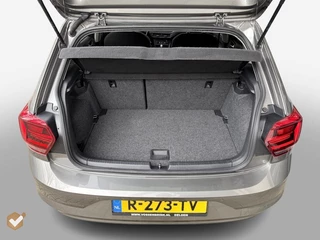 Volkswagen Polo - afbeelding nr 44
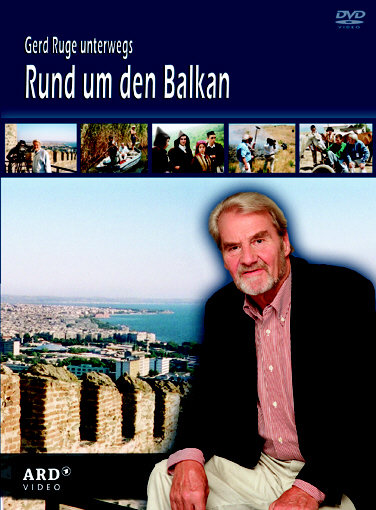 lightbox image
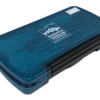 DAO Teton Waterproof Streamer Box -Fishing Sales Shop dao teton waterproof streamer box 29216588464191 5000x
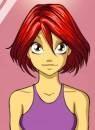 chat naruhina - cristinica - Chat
--
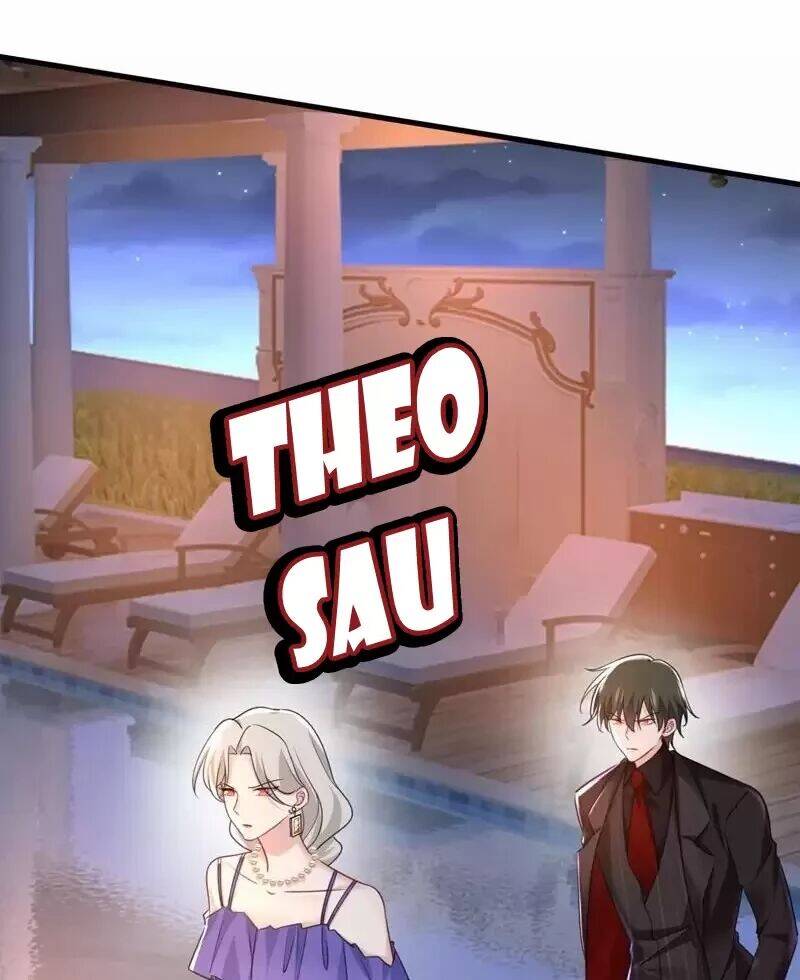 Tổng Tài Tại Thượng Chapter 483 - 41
==
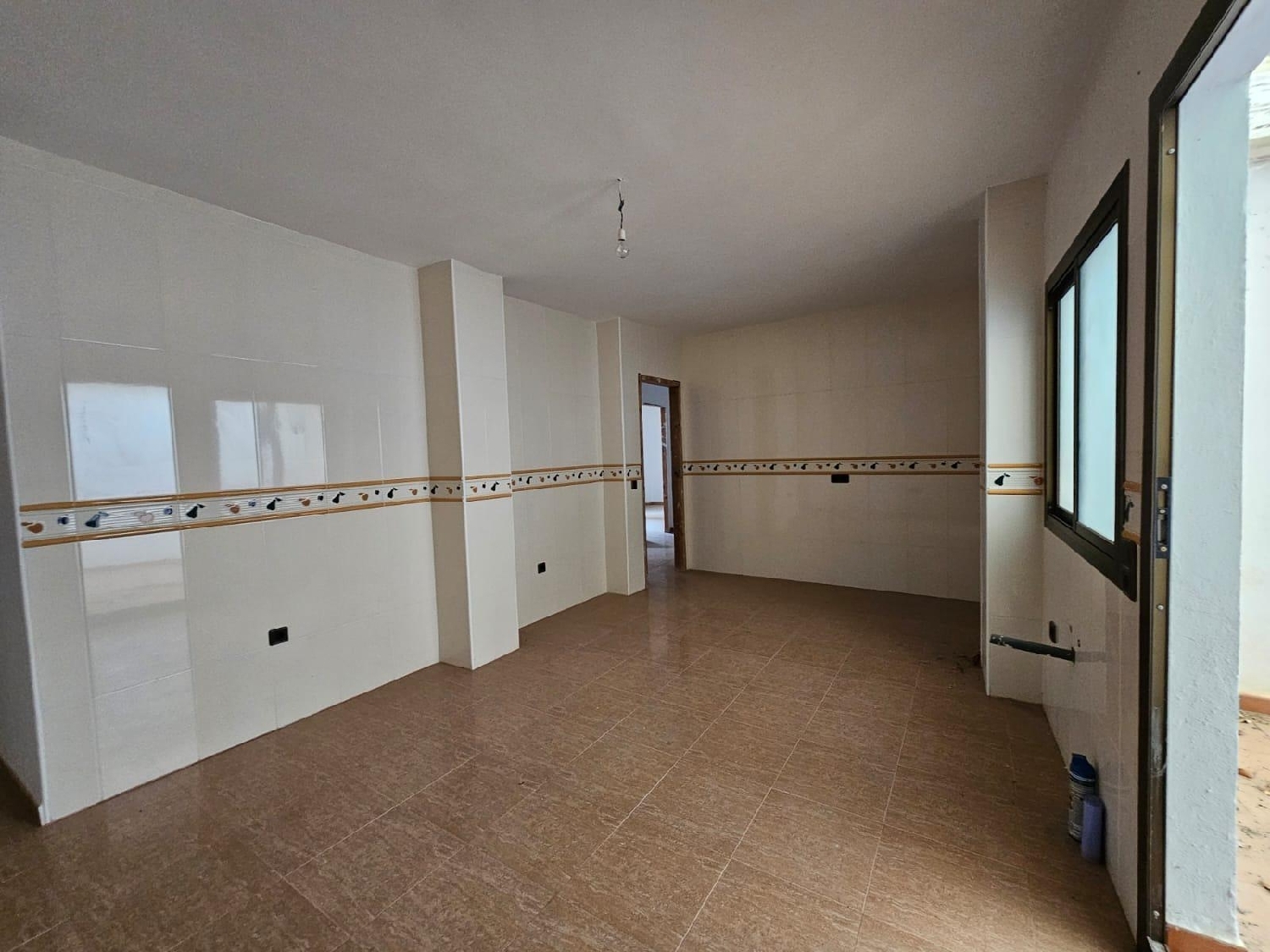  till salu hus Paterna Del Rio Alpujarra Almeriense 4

◆ BRIEF ◆
Transcribe, exactly and without pictures, everything in the data from the line with "DAO Teton Waterproof Streamer Box -Fishing" down to the line with "chat naruhina - cristinica - Chat", both included.

◆ RESULT FOR THIS EXERCISE ◆
 DAO Teton Waterproof Streamer Box -Fishing Sales Shop dao teton waterproof streamer box 29216588464191 5000x
 chat naruhina - cristinica - Chat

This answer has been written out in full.